=== Problem details ===
Print exactly the lines below between the line holding "AI892, Transylvania, Gabriel" and the line holding "leather moto jacket", inclusive, and nothing more.

Short text fragments from websites:
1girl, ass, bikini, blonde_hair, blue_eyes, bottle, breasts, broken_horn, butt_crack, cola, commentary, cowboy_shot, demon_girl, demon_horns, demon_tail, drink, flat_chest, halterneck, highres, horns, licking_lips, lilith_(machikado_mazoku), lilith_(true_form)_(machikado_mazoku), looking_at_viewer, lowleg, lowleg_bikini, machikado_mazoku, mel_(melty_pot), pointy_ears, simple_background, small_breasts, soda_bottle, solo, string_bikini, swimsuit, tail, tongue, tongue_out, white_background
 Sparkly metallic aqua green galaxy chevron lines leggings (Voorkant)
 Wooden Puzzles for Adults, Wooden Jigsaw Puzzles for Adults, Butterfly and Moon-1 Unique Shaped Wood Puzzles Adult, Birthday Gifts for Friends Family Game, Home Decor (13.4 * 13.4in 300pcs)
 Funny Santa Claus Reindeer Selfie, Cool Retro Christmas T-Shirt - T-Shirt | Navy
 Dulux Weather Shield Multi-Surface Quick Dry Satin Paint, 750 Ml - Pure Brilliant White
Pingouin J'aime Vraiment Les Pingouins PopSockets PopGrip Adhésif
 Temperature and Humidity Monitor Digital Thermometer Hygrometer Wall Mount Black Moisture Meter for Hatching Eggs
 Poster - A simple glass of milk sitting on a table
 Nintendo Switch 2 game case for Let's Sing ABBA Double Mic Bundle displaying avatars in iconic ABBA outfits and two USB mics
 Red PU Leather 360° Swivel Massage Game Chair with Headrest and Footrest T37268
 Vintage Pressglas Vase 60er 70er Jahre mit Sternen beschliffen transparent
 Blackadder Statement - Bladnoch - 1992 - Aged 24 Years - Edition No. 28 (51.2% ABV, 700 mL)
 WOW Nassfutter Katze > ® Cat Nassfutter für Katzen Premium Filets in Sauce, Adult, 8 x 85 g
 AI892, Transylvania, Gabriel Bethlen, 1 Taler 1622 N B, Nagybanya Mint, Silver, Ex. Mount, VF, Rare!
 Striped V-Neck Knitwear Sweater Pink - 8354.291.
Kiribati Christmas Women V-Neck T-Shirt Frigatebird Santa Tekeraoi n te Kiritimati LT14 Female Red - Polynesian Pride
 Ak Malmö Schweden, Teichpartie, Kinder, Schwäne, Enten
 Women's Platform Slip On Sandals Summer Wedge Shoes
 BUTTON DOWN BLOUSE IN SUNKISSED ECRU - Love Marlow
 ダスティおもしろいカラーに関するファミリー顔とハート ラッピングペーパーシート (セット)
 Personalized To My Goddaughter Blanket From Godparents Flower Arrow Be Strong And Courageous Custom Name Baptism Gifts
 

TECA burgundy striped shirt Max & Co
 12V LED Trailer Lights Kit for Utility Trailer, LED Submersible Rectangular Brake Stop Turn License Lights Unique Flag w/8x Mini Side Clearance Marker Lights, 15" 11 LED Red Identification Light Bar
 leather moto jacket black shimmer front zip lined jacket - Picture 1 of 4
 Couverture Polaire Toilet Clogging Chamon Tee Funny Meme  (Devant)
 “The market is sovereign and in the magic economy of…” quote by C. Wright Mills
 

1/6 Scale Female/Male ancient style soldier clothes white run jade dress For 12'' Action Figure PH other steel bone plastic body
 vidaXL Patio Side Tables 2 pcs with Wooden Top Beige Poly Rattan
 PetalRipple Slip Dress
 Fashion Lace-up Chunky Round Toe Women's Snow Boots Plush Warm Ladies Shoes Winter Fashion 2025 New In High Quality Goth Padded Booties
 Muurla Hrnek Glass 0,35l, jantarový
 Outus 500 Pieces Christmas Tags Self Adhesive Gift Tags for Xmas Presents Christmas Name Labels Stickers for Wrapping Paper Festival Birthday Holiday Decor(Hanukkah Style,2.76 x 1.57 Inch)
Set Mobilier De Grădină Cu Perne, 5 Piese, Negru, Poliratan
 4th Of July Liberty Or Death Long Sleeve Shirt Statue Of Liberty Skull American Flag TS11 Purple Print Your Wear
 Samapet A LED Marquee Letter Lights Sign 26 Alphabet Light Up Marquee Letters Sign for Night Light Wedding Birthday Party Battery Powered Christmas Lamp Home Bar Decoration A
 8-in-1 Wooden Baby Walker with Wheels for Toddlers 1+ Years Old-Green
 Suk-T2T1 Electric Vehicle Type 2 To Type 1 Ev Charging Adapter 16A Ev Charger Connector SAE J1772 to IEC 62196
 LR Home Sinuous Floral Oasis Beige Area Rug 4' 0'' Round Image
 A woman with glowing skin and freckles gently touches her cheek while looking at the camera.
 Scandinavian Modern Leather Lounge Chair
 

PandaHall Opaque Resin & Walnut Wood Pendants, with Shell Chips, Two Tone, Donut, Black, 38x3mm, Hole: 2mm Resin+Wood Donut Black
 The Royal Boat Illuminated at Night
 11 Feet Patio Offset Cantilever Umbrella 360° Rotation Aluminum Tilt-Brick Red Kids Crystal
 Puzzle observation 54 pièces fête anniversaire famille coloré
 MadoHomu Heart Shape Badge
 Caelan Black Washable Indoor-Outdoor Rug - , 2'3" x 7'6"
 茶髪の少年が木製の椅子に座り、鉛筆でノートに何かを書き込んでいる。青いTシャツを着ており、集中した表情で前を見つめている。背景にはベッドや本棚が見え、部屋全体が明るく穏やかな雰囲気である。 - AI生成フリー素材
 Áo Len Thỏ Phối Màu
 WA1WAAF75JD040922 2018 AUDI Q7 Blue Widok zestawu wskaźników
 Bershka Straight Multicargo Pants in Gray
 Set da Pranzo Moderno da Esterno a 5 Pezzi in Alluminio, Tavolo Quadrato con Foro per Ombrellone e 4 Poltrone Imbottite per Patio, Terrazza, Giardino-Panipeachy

=== Result of this exercise ===
 AI892, Transylvania, Gabriel Bethlen, 1 Taler 1622 N B, Nagybanya Mint, Silver, Ex. Mount, VF, Rare!
 Striped V-Neck Knitwear Sweater Pink - 8354.291.
Kiribati Christmas Women V-Neck T-Shirt Frigatebird Santa Tekeraoi n te Kiritimati LT14 Female Red - Polynesian Pride
 Ak Malmö Schweden, Teichpartie, Kinder, Schwäne, Enten
 Women's Platform Slip On Sandals Summer Wedge Shoes
 BUTTON DOWN BLOUSE IN SUNKISSED ECRU - Love Marlow
 ダスティおもしろいカラーに関するファミリー顔とハート ラッピングペーパーシート (セット)
 Personalized To My Goddaughter Blanket From Godparents Flower Arrow Be Strong And Courageous Custom Name Baptism Gifts
 

TECA burgundy striped shirt Max & Co
 12V LED Trailer Lights Kit for Utility Trailer, LED Submersible Rectangular Brake Stop Turn License Lights Unique Flag w/8x Mini Side Clearance Marker Lights, 15" 11 LED Red Identification Light Bar
 leather moto jacket black shimmer front zip lined jacket - Picture 1 of 4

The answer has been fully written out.